# Data Enrichment

Components to enrich your data with variables from other data sources. These components work for simple features and spatial indexes grids.

## Downscaling

**Description**

The **Downscaling** component distributes variables from larger source polygons to smaller target polygons based on weights. This component takes aggregate data from larger geographic areas (e.g., countries, states) and distributes it proportionally to smaller areas (e.g., counties, census tracts) using a provided weighting factor that will be used as a *proxy variable* to distribute the data proportionally.

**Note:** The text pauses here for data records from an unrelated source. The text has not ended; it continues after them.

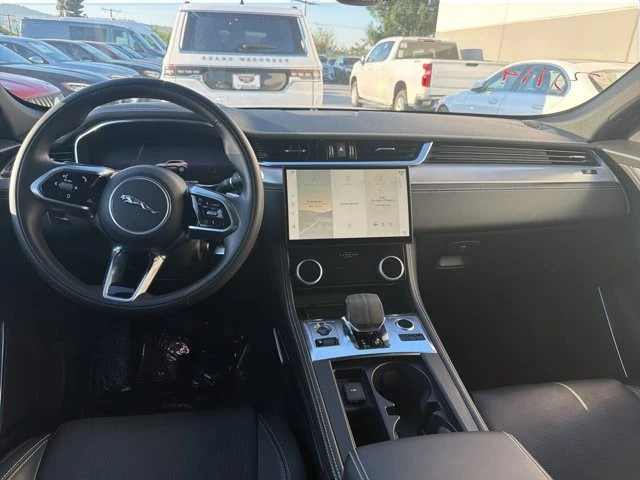 2024 Jaguar F-Pace - Image 8 of 15
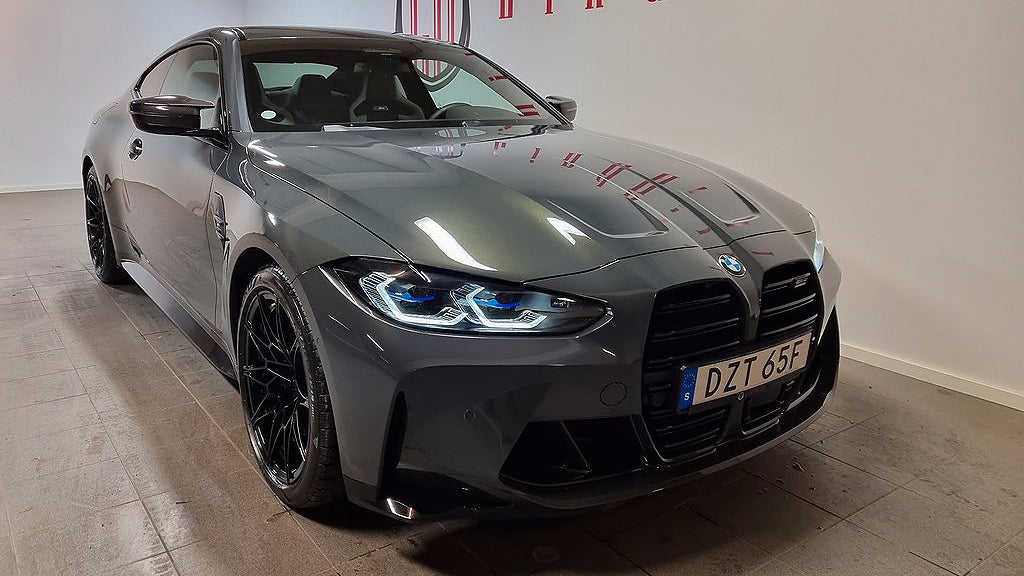 BMW M4 har en rak sexa på 510 hästkrafter. 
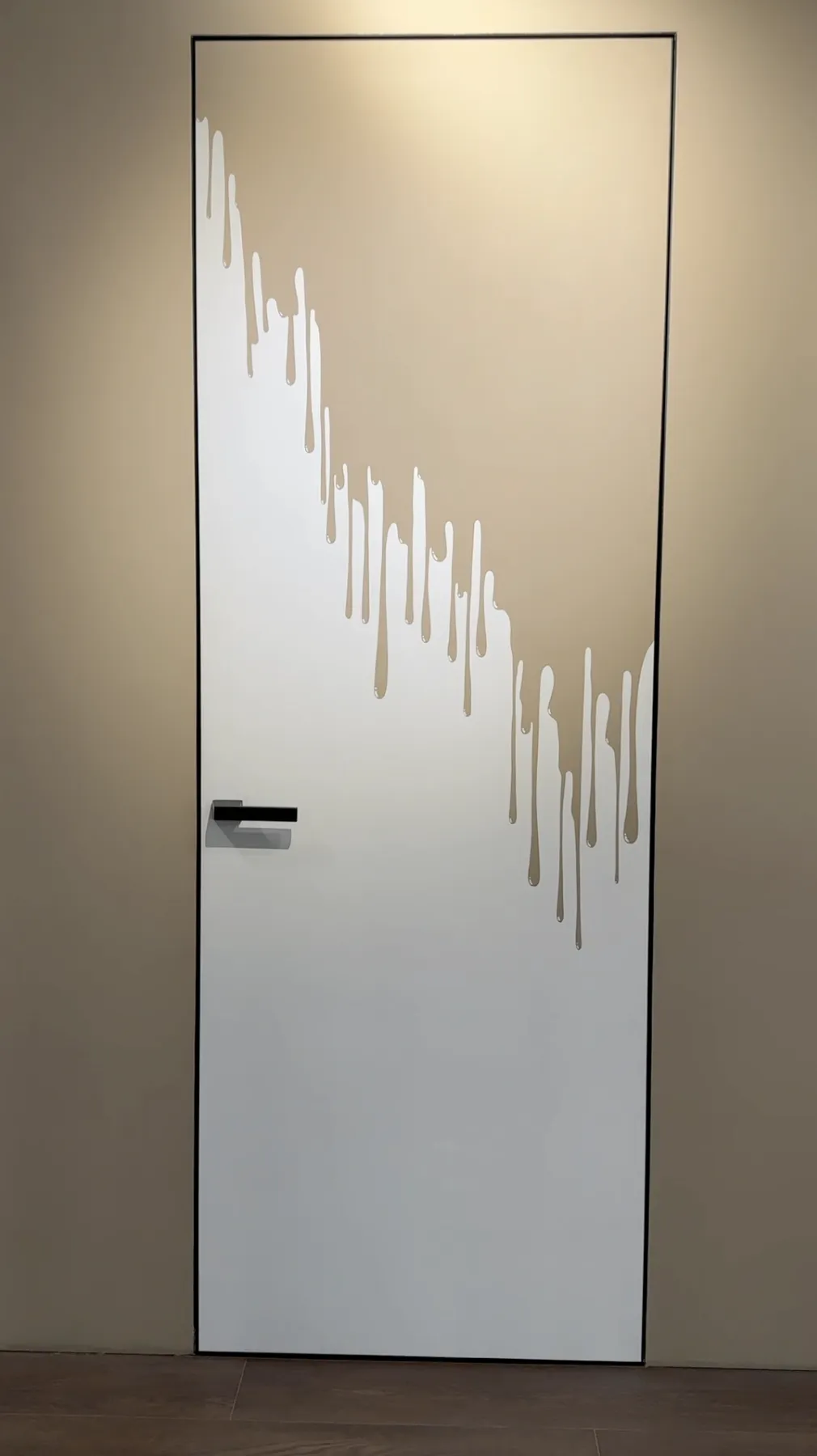 Скрытая белая дверь под покраску от Gintereo. Заказать и купить инвизибл дверь скрытого монтажа в Москве, СПБ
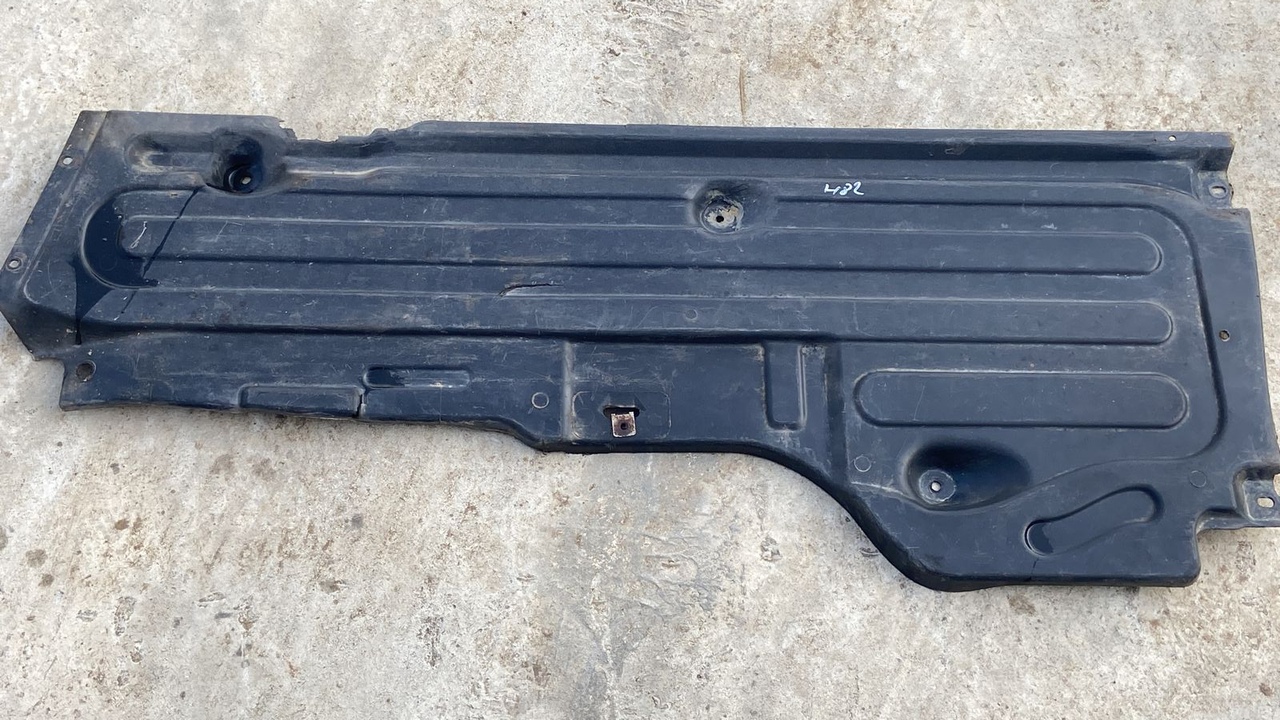 Защита антигравийная передняя левая Mercedes E/W211 2002-2009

**Note**: This component is designed for geometries that are perfectly contained within others (i.e. from US Census Block Groups to US Census Blocks), where target polygon centroids fall within exactly one source polygon. If this is not the case, you should probably use [*Enrich Polygons with Weights*](https://docs.carto.com/carto-user-manual/workflows/components/data-enrichment#enrich-polygons-with-weights)

**Inputs**

Source and Target Tables:

* The **source table**, containing larger polygons with variables to distribute.
* The **target table**, containing smaller polygons with weights.
* An optional **lookup table**, containing a mapping from source IDs to target IDs.

**Settings**

* **Source ID column**: the column that uniquely identifies each row from the source table.
* **Target ID column**: the column that uniquely identifies each row from the target table.
* **Weight column**: the column from the target table that will be used to weight the distribution.
* **Variables to downscale**: each of the variables to be distributed from the source table. There are different distribution methods to be chosen per column:
  * *Extensive*: Distributes values proportionally based on weights. The sum of distributed values across all target polygons equals the original source value. Suitable for count data or totals (e.g., total population, total revenue).
  * *Intensive*: Redistributes values using weighted averages. First upscales target values to source level, then applies a normalization ratio. Suitable for rates, densities, or averages (e.g., population density, average income) that requires reconciliation with a higher level of aggregation. **Requires the variable to exist in both source and target tables with the same name**, i.e. using an outdated value or a handcrafted measure.
  * *Uniform*: Copies the same value from the source to all matching target polygons without modification. Suitable for categorical or constant values (e.g., region name, policy indicator, join keys, etc).
* **Matching mode** : Choose how to match target polygons to source polygons:
  * *Infer*: Computes target polygon centroids and uses spatial containment to match them with source polygons. Requires geometry columns from both tables to compute the spatial relations. By default, it performs
  * *Lookup*: Uses a precomputed lookup table with source-target relationships. Faster when relationships are precomputed or can be obtained through a simpler computation.

**Advanced Options**

* *Allow unmatched targets*: When using *Infer* as matching mode, the component performs a quick check to verify that there are no obvious issues with the data and the contract of the process (perfectly contained, smaller geometries): that no target polygon is contained in multiple source polygons, and no target polygons are left outside source polygons. Enable this checkbox to skip those checks.

**Outputs**

* *Result table*: Output table containing *all* columns from the target table plus the downscaled variables with suffixes indicating the distribution method:
  * `{variable_name}_extensive` for extensive variables
  * `{variable_name}_intensive` for intensive variables
  * `{variable_name}_uniform` for uniform variables

## Enrich H3 Grid

**Description**

This component enriches a *target* table with data from a *source*. Enriching here means adding columns with aggregated data from the source that matches the target geographies.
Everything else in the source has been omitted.